Depuis avril 2015, je travaille pour Sinolink Consultants Services Limited (« Sinolink ») au poste de directrice du marketing. Sinolink est un cabinet-conseil de type « boutique » enregistré dans la région administrative spéciale de Hong et est spécialisé dans les investissements à l’étranger (y compris les investissements immobiliers et commerciaux aux États-Unis et au Canada). Je travaille en étroite collaboration avec des banques privées de renom à l’échelle régionale à Hong Kong pour me concentrer sur les clients de valeur nette élevée à très élevée dans la région de la Chine élargie. Dans le cadre de mes services professionnels, je dois passer la plupart de mon temps à Pékin et à Shenzhen pour offrir un soutien aux agents de service, ainsi que pour présenter des techniques de vente à mes propres futurs clients, que j’ai connus personnellement dans le cadre de mes anciennes activités dans la haute société. La rémunération que j’ai reçue était sous forme de commission.

Je connais bien les investissements à l’étranger et je suis convaincue que je peux créer une entreprise prospère au Canada. Je suis convaincue qu’en investissant dans l’entreprise 2043167 Alberta Limited, à titre d’actionnaire majoritaire, je pourrai lancer et gérer une entreprise prospère au Canada. Cette occasion me permettra d’investir dans le secteur de la construction résidentielle, une industrie qui, à mon avis, est en plein essor et la plus sûre en termes de risque commercial. Une fois autorisée à travailler au Canada, j’ai l’intention d’assumer le rôle de dirigeante principale des finances (DPF) chez 2043167 Alberta Limited et de superviser l’ensemble des aspects financiers de cette entreprise. En même temps, je dois renégocier mes conditions d’emploi avec Sinolink, ce qui, je l’espère, me permettra de retourner travailler auprès de l’entreprise lorsque je me serai acquittée de mon rôle au Canada. En me fondant sur mes réussites professionnelles antérieures dans le domaine des opérations commerciales en Chine, je suis convaincue que je peux maîtriser ce rôle de DPF grâce à l’aide de professionnels locaux, tels que des comptables, des avocats et des ingénieurs. Après tout, il s’agit d’une partie de mon investissement majeur et je dois le protéger correctement et faire tout ce que je peux pour le faire fructifier.

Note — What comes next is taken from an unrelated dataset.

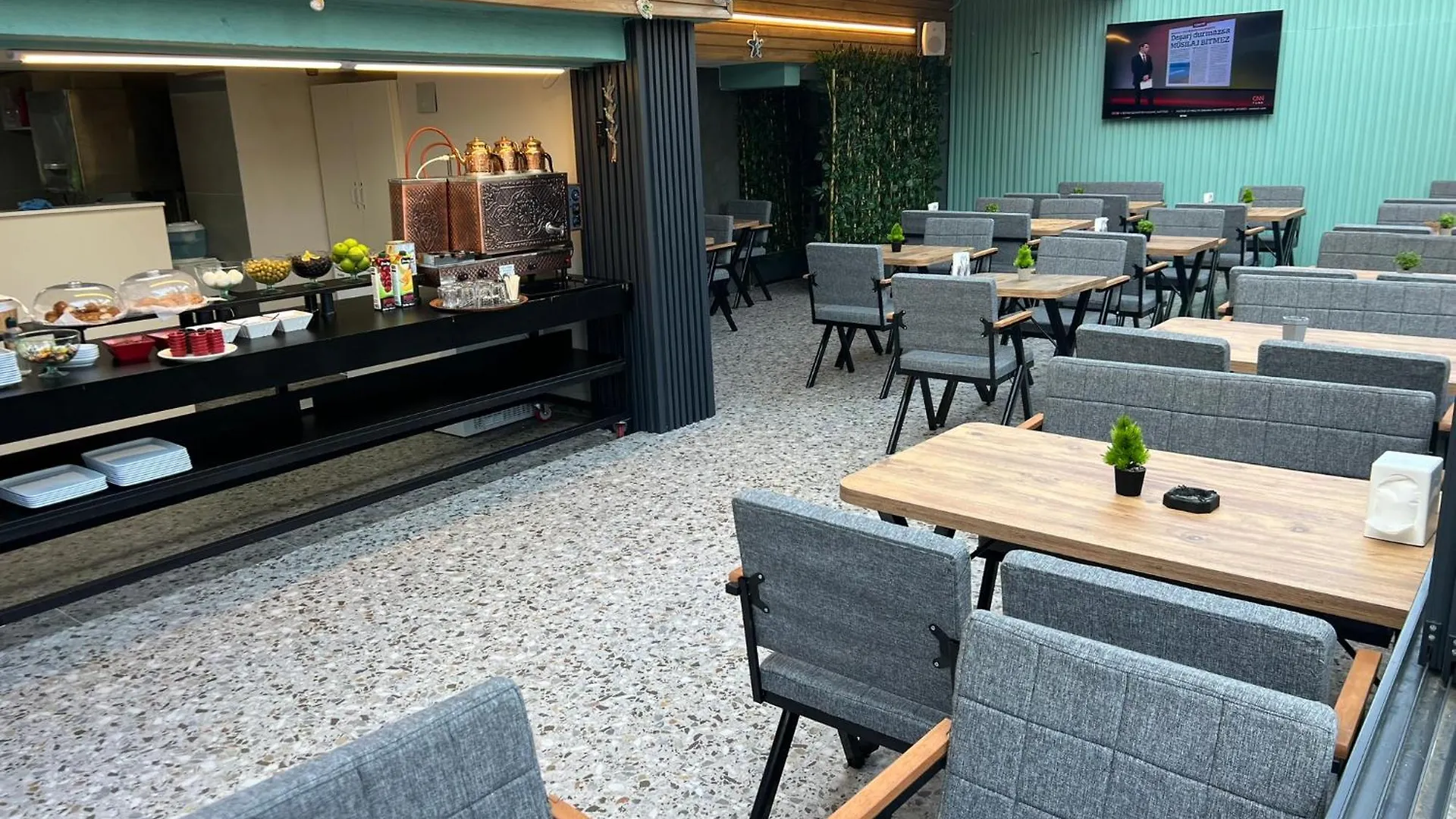 Ada Park Hotel Kusadasi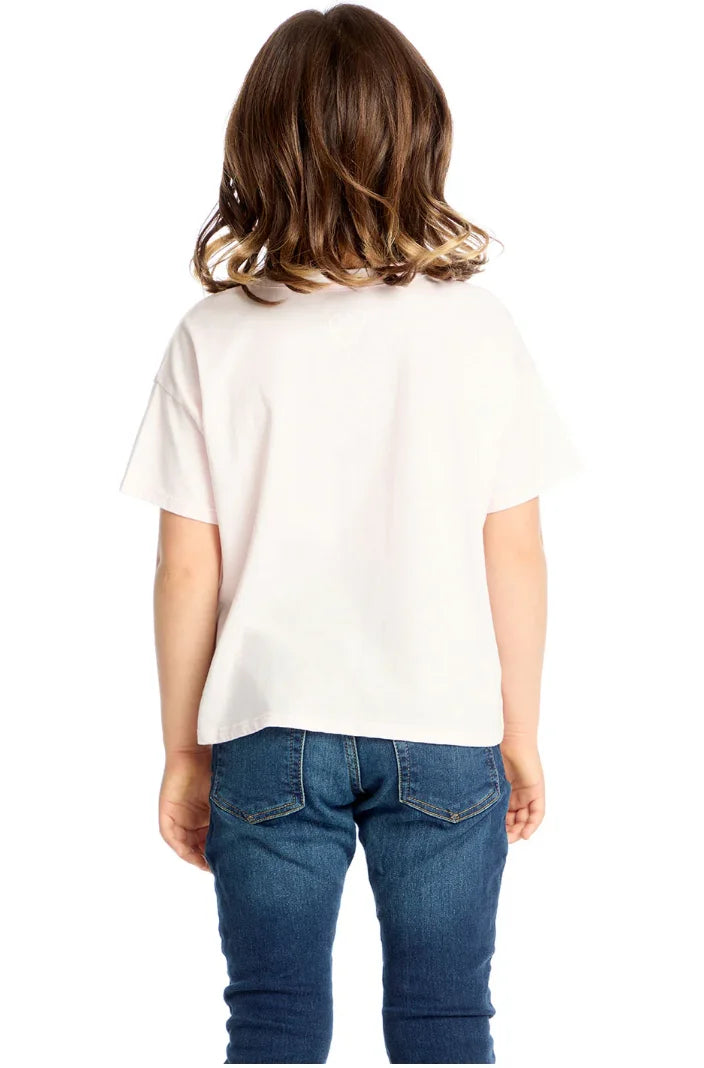 Chaser Kid | Ballet Club Tee | Back | Vagabond | Apparel | Boutique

[45]  En d’autres termes, la demanderesse elle-même affirme qu’elle a été embauchée en raison de son investissement important dans l’entreprise et parce qu’elle peut aider l’entreprise à organiser ses rapports financiers avec les banques.

[46]  Le fait que la demanderesse ait personnellement investi dans l’entreprise ne signifie pas qu’elle est en soi qualifiée pour agir comme DPF, et le fait qu’elle sait comment traiter avec les banques ne signifie pas qu’elle satisfait aux exigences ou aux autres responsabilités énoncées dans la description de travail.

[47]  En ce qui concerne les qualifications de la demanderesse pour le poste de DPF, l’agent énumère précisément les exigences énoncées, puis renvoie aux études et aux antécédents de la demanderesse :

[traduction

La [demanderesse principale] a suivi une formation d’agente de bord et possède un certificat d’études supérieures en gestion administrative. L’expérience de travail de la [demanderesse principale] est principalement liée au soutien administratif, puis au marketing; il ne me semble pas que la [demanderesse principale] possède les connaissances et les études requises pour occuper le poste qui lui a été offert au Canada. De plus, la [demanderesse principale] ne semble avoir aucune expérience en construction résidentielle.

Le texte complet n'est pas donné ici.